What Did ERA Build For the National Security Agency (NSA)?

By the end of ERA’s first year, ERA had contracts for a digital device called Alcatraz which used thousands of vacuum tubes and relays. A contract for a system named O’Malley followed. Then two “exhaustive trial” systems called Hecate for $250,000 ($3.2 million in today’s dollars) and the follow-on system, Warlock ($500,000 – $6.4 million today.) Warlock was so large that it was kept at the ERA factory and operated as a remote operations center.

Next were the Robin machines, a photoelectric comparator, used to attack the Soviet Albatross code. The first two were delivered in the end of 1950. Thirteen more were delivered to NSA over the next two years.

ERA Disk Drives
One of the problems code breakers had was the difficulty of being able to store and operate on large sets of data. To do so, cryptanalysts used thousands of punched cards, miles of paper tapes and microfilm. ERA was the pioneer in the development of an early form of disk drives called magnetic drum memories.

ERA used these magnetic drums in the special systems they built for NSA and later in their Atlas computers. They also sold them as peripherals to other computer companies.

Goldberg, which followed, was another room-sized special purpose machine – a comparator with statistical capabilities – that took photoelectric sensing and paper tape scanning to new heights.

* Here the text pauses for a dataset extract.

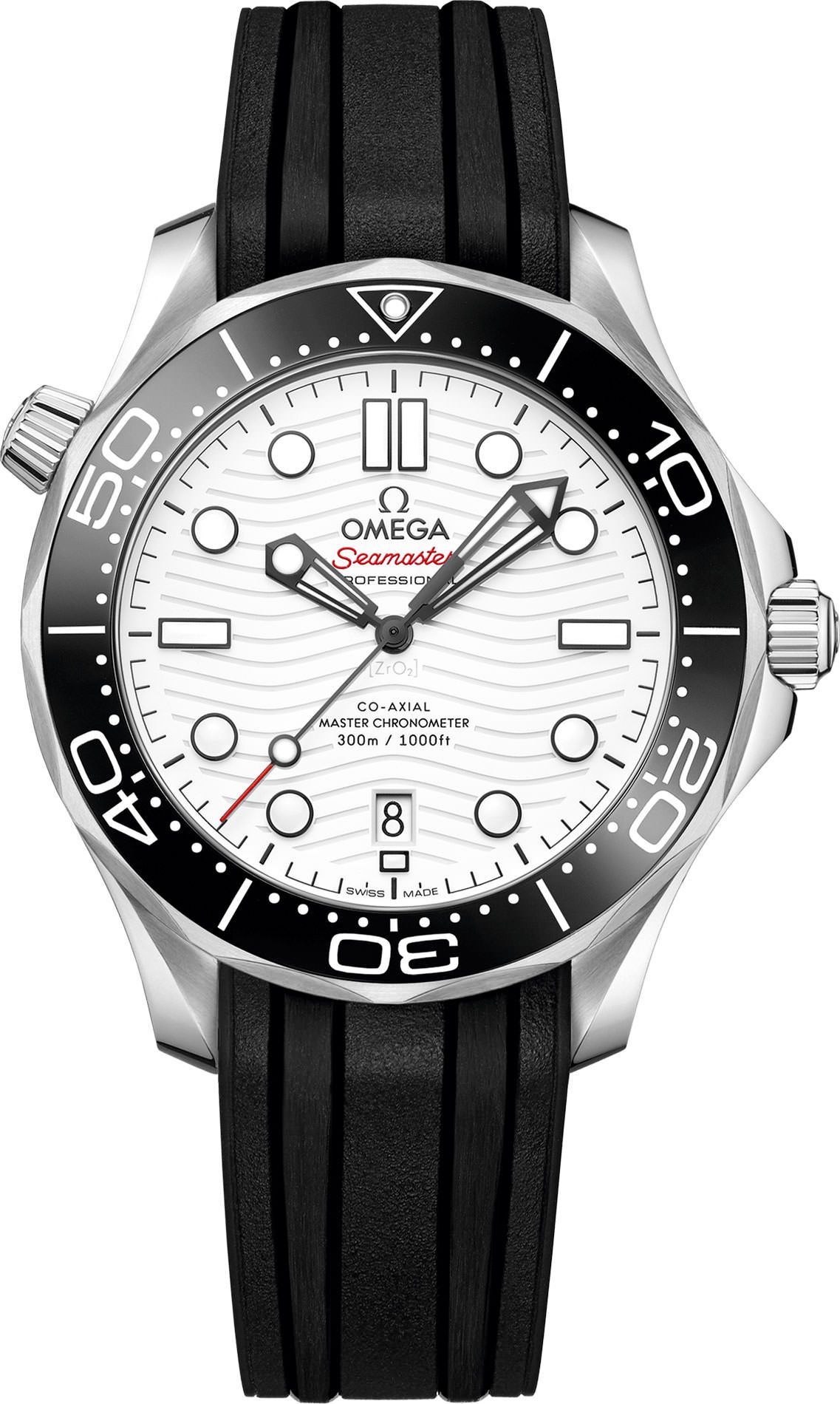 Omega Diver 300M 42 mm Watch in White Dial For Men - 1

Costing $250,000 ($3.2 million in today’s dollars), it had 7,000 tubes and was one of the first Agency machines to use a magnetic drum to store and handle data.

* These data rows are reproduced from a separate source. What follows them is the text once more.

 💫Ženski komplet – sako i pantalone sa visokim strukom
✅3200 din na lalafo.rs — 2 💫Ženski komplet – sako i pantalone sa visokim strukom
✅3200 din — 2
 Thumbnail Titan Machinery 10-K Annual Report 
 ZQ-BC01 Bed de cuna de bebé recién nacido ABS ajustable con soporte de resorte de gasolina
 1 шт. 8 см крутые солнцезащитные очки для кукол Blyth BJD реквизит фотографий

Another similarly sized system, Demon, followed. It was a dictionary machine designed to crack a Soviet code. It also used 34-inch-diameter magnetic drum to perform a specialized version of table lookup. Three of these large systems were delivered.

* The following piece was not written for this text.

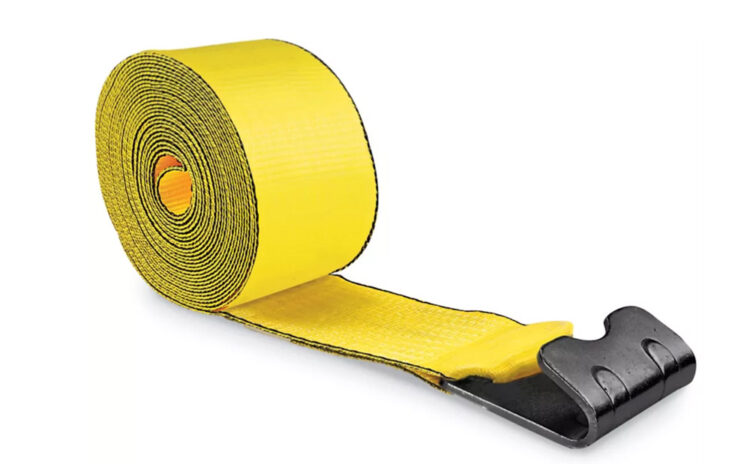 Assembly Tie Down with Flat Hooks, 4"x30'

ERA engineers operated at the same relentless and exhausting pace as they had done in war time – similar to how Silicon Valley silicon and computer companies would operate three decades later.

For the next decade ERA would continue to deliver a stream of special-purpose code breaking electronic systems and subsystems for the Navy cryptologic community. (These NSA documents give a hint at the number and variety of encryption and decryption equipment at NSA in the early 1950’s: here, here, here, here, and here.)

ERA was undercapitalized and always looking for other products to sell. At the same time ERA was building systems for the NSA they pursued other lines of businesses; research studies on liquid fueled rockets, aircraft antenna couplers (which turned into a profitable product line,) a Doppler Miss Distance Indicator, Ground Support Equipment (GSE) for airlines, and Project Boom to produce instrumentation for what would become  underground nuclear tests. A 1950 study for the Office of Naval Research called High-Speed Computing Devices – a survey of all computers then existent in the U.S. As there was no single source of information about what was happening in the rapidly growing computer field, this ERA report became the bible of early U.S. computers.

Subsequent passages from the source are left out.